1. Can an employer terminate an employee who fails to produce the required documents for an I-9 form within three business days?

  2. Does paid vacation time count toward the 40 hours for overtime under the Fair Labor Standards Act?

  3. May an employer require that exempt personnel use vacation time?

  4. May an employer reduce an exempt person’s hours and salary on a short-term basis? What about on a long-term basis?

  5. Does a safety bonus have to be included in overtime calculations for the month?

  6. If the company gives employees gift cards as part of a “spot” bonus, is it a taxable benefit or income?

  7. What administrative fees may an employer charge for a garnishment or child support order?

  8. Where do federal, state and local employment posters have to be posted?

  9. What are the laws on paid and unpaid breaks?

  10. My firm wants to have a sales presence about 1,000 miles away.
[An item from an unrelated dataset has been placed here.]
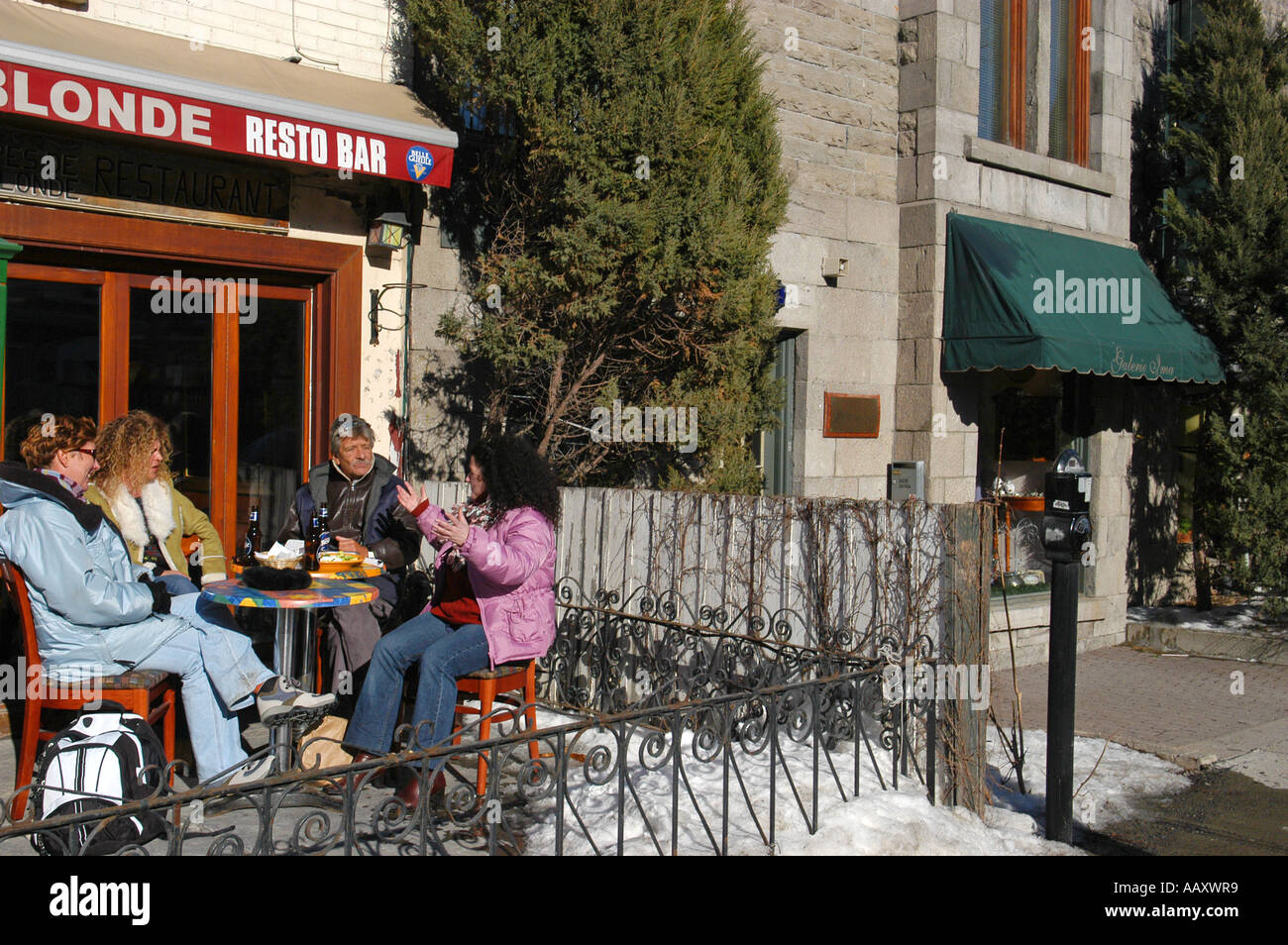 People enjoying a beer on a terrace on St Denis street during the month of march Montreal Quebec Canada Stock Photo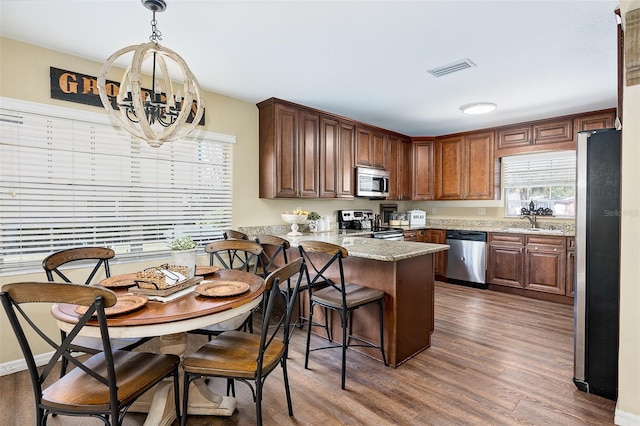 kitchen with stainless steel appliances, dark hardwood / wood-style floors, light stone countertops, sink, and kitchen peninsula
Do I have to hire a sales person as an employee who will live and work in the other state (which may create state tax implications – workers comp, unemployment, Medicare, etc.), or can I hire the sales person as an independent contractor? My health insurance does not normally cover people in the other state.

  11. May an employer make deductions to an employee's salary without jeopardizing the employee's exempt status?
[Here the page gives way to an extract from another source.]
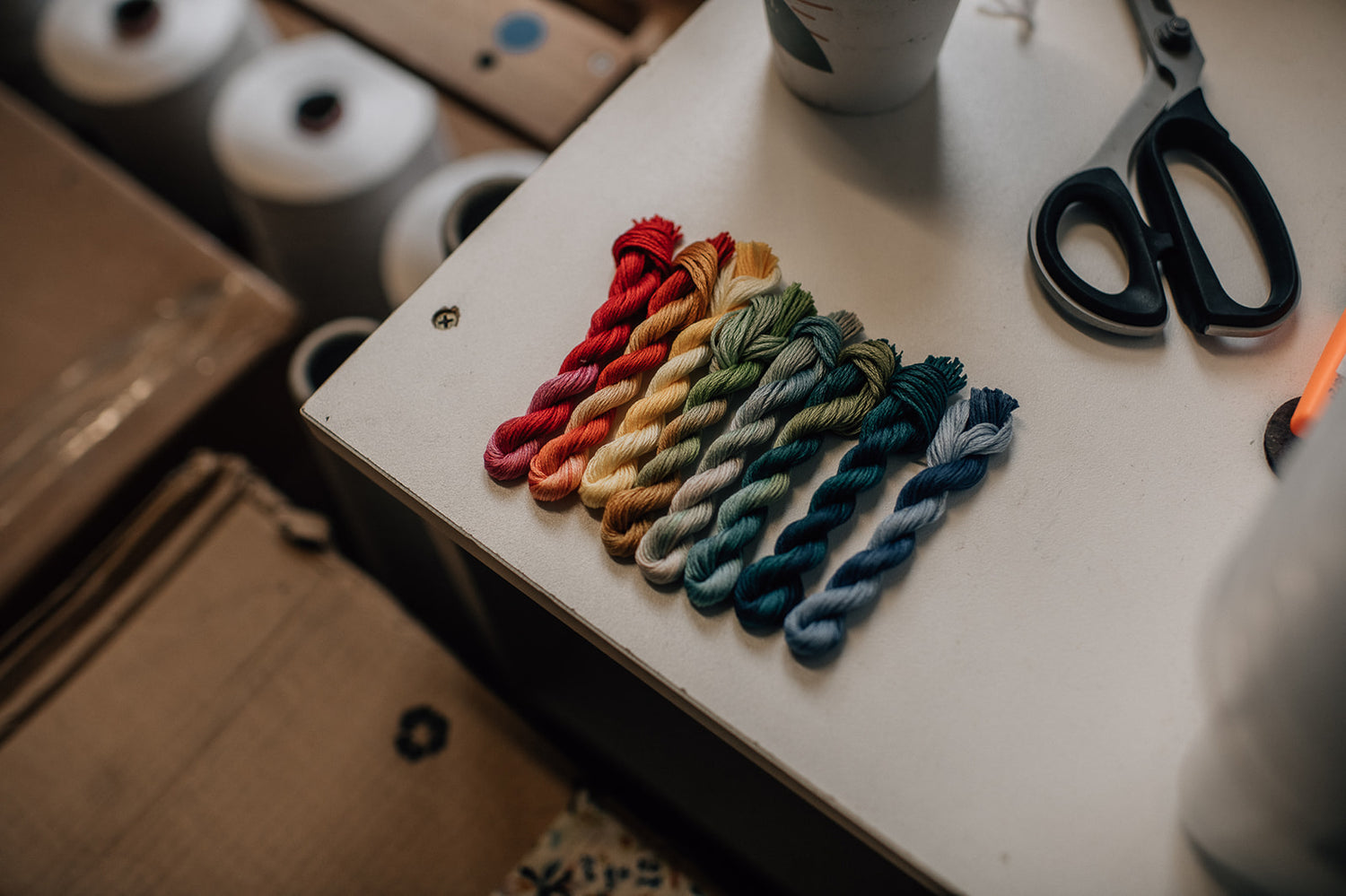 Eight twisted threads photographed in a row on a table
  12. May an employer take deductions from an employee's “leave bank” for partial day absences?

  13. Do employers have to pay for safety shoes?
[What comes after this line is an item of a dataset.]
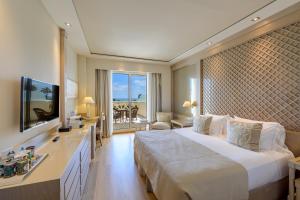 a hotel room with a large bed and a television at Las Arenas Balneario Resort in Valencia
  14. What is the average turnover rate in the printing industry?

  15. Does the company have to reverify employment authorization on I-9 Forms for aliens?



  1. Can an employer terminate an employee who fails to produce the required documents for an I-9 form within three business days?

  2. Yes. An employer can terminate an employee who fails to produce the required document or documents, or a receipt for a document, within three business days of the date employment begins. However, an employer must apply these practices uniformly to all employees. If an employee has presented a receipt for a document, he or she must produce the actual document within 90 days of the date employment begins.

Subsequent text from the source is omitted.